DAY 4: Waiting for God alone.
Silence is uncomfortable for most of us. On a train or airplane, when things get quiet, we get fidgety. We tend to fill the space with digital noise—by glancing down at our phones or devices to add more stimuli to the moment. But these distractions can keep us from acknowledging the ache deep inside our hearts, the longing for something beyond, the hunger for more.
It isn’t until we sit in silence that we become aware of our deepest need. When Jacob sent his possessions and the members of his household away across the river and was left alone, he wrestled with God until dawn broke. In the wrestling, he came face to face with his own nature, admitting for the first time that his name was ‘Jacob’—the one who grasps. It was also in the wrestling that he came face to face with God, and God renamed him. But it was the silence and the solitude that made it possible.

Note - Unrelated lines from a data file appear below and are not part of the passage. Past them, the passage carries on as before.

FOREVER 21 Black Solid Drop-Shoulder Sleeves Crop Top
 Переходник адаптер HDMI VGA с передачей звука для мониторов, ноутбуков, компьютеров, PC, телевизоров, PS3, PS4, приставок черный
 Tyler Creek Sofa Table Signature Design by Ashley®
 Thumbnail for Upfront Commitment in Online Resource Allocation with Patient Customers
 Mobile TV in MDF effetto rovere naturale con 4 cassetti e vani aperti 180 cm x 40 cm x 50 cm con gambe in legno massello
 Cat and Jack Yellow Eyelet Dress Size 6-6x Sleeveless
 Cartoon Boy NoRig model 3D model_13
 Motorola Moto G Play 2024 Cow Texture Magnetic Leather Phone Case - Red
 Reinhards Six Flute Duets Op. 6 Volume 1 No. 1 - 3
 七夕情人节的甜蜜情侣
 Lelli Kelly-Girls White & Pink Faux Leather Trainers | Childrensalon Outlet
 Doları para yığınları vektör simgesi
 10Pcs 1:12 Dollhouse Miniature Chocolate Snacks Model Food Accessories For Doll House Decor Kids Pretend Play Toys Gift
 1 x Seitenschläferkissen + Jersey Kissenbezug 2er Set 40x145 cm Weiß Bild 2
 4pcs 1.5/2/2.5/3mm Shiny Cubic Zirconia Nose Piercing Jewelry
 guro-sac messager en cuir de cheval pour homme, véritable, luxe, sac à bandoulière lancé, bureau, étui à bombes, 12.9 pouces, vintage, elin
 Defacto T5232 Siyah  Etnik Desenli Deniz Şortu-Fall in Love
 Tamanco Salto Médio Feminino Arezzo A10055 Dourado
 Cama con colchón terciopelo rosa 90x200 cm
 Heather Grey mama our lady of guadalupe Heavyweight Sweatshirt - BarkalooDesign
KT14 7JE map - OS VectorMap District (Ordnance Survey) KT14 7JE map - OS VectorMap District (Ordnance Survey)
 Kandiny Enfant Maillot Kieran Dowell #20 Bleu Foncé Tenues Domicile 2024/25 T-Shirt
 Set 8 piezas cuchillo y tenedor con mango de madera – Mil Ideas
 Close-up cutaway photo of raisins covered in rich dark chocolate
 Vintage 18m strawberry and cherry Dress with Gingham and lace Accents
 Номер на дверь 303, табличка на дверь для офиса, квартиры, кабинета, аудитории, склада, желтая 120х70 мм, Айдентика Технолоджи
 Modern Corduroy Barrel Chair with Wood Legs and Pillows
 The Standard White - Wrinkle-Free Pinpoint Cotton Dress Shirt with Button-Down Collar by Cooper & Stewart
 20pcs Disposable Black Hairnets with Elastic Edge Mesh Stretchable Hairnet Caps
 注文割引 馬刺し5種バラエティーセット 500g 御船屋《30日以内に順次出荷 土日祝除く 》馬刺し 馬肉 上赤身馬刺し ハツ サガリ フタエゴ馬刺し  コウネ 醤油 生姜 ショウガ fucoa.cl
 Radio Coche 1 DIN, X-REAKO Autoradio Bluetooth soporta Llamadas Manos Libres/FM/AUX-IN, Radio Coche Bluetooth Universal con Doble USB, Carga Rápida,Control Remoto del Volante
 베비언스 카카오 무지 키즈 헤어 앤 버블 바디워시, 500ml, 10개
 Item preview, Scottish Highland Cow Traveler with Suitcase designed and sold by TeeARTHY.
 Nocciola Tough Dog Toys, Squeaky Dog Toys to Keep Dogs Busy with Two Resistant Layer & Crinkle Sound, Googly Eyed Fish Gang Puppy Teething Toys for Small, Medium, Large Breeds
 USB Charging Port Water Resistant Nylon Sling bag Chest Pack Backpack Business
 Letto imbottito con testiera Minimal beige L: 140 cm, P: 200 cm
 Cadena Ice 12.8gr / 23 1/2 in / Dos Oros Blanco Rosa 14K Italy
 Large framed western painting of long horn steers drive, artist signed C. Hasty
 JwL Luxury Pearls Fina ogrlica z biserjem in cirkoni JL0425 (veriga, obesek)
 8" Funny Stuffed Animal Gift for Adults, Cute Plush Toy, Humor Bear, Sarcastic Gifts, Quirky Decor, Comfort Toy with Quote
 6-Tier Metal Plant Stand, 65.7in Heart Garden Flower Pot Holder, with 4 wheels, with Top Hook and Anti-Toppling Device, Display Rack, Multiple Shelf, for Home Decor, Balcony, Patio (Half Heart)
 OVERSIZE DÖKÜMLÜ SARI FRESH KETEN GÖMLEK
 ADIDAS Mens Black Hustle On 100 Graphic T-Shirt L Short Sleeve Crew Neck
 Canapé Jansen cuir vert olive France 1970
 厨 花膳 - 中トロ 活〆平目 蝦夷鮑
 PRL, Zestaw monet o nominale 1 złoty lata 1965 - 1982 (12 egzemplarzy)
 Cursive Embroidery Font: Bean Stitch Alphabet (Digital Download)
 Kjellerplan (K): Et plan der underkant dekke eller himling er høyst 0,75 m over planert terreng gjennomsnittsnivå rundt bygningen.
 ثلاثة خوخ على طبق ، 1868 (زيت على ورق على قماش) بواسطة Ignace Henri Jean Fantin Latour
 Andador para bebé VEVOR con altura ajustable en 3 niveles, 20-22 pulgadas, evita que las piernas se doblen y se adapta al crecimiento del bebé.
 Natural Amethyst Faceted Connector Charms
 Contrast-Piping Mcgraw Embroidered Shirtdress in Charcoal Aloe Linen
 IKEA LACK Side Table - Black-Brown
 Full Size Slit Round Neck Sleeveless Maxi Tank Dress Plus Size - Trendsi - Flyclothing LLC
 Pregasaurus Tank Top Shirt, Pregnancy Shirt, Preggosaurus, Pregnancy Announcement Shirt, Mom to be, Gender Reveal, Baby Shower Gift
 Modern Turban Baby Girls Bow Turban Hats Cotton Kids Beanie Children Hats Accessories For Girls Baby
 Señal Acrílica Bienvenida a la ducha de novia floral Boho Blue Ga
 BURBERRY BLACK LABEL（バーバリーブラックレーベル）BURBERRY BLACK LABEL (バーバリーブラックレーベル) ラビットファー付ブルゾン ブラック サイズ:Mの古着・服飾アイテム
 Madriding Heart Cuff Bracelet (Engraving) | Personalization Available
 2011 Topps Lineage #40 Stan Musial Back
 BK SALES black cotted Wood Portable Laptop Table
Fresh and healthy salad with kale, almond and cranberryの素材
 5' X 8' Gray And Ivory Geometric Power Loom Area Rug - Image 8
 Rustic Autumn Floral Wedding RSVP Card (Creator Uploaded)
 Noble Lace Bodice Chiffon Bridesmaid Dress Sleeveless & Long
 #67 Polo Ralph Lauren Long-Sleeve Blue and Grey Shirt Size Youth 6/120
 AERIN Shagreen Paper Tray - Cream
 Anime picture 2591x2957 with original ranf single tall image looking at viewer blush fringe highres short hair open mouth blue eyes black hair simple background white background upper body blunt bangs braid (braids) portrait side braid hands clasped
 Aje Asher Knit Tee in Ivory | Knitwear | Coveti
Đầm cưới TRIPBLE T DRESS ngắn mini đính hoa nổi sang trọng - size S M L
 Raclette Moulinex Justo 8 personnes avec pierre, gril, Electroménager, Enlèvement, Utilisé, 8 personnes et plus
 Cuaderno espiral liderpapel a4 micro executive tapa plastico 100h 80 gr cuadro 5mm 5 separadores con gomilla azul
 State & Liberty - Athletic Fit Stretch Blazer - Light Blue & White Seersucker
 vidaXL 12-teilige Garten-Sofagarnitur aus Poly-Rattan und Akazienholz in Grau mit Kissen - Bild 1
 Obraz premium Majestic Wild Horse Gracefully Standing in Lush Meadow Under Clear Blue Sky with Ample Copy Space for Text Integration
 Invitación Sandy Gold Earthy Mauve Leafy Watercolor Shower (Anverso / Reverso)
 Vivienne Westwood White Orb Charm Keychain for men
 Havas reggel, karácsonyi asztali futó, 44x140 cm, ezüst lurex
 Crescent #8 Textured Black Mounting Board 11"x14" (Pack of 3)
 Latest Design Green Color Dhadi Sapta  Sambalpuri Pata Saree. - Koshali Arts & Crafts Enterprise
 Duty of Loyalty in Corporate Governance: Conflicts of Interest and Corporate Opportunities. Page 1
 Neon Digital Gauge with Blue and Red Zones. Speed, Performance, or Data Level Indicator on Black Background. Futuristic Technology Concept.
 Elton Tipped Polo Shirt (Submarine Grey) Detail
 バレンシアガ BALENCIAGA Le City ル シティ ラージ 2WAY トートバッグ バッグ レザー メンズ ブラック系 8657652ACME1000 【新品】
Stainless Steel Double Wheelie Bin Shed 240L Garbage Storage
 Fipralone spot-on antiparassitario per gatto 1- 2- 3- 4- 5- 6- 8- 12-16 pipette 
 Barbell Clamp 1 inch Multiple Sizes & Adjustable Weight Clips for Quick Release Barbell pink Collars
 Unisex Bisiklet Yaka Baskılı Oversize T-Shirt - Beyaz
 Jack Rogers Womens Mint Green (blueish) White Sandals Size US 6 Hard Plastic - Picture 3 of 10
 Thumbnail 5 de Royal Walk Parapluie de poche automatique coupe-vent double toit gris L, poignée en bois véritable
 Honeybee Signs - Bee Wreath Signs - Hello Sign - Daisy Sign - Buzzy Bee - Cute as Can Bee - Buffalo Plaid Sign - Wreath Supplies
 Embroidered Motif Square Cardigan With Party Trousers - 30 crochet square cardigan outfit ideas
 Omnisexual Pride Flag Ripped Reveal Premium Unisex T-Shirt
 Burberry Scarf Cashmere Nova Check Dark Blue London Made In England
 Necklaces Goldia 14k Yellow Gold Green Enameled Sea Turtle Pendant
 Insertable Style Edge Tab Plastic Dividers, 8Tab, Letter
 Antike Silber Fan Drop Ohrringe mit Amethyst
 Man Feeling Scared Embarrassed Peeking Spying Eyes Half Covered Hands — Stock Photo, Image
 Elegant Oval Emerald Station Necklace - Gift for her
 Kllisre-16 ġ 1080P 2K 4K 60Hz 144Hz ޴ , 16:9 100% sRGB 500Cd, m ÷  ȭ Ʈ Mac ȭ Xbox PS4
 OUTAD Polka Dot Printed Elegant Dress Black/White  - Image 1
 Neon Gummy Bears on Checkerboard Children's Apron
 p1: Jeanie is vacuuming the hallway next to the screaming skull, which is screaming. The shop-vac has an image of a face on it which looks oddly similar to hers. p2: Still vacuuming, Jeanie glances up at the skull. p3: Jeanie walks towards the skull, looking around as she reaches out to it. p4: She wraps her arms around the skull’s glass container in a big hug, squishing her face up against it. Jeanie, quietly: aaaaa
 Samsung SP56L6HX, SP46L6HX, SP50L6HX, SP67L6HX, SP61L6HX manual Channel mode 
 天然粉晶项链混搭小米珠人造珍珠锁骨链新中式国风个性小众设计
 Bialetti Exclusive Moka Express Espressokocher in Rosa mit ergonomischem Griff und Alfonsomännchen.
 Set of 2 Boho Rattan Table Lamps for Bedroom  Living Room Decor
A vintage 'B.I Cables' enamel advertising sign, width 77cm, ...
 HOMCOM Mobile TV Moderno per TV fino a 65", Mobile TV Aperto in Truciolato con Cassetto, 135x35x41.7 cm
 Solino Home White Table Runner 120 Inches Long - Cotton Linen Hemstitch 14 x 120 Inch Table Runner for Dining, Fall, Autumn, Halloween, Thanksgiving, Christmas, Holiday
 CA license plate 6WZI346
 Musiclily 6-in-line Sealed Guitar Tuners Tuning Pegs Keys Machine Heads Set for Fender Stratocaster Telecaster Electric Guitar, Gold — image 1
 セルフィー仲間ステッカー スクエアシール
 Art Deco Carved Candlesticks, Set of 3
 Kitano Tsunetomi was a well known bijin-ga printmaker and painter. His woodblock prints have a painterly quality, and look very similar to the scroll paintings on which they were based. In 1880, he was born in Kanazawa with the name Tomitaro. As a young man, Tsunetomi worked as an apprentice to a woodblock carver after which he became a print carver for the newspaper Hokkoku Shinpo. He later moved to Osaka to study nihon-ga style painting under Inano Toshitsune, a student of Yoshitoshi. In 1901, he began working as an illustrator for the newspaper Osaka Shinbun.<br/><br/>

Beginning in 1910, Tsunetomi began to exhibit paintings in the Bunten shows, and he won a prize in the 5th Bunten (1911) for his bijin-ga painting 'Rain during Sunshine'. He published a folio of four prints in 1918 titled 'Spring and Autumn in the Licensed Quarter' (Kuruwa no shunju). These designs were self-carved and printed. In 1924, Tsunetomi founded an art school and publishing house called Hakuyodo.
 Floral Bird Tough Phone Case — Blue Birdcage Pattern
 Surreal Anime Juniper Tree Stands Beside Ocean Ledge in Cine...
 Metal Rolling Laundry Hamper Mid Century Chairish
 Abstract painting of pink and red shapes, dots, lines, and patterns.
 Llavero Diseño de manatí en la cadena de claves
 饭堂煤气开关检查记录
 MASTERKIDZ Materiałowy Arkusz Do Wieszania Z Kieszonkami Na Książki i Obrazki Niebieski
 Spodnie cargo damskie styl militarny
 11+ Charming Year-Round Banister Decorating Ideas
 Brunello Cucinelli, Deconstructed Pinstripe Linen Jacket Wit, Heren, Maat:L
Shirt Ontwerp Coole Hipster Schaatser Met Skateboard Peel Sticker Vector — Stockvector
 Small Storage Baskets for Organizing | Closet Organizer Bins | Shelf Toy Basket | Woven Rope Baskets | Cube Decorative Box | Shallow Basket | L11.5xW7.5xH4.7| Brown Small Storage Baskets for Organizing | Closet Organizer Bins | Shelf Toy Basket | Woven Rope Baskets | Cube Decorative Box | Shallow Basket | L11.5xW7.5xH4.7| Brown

When we leave ourselves alone, we are able to be honest—truly honest—about our brokenness. We can name our fears and our faults, our longings and our loves. And we can allow God to reshape them, to heal them, to bring them under His blessing.
Will you give yourself some space today? Will you allow the Spirit of God to bring to the surface the things you are ashamed of? Not so He can add to your shame, but so that He can give you a new name.
You see, when we wait for God alone, and when we wait alone for God, we will find Him. And He is a fortress than cannot be shaken.
We are, as C. S. Lewis once wrote, ‘too easily pleased.’ We settle for false securities, for a cheap refuge in the busyness and noise of life. We cling to temporary attachments and passing pleasures. But if we would ‘send it all across the river,’ and find ourselves alone, then we can wait.
And when we wait, we will find our salvation in God alone.
Take a moment. Be still. Wait upon the Lord.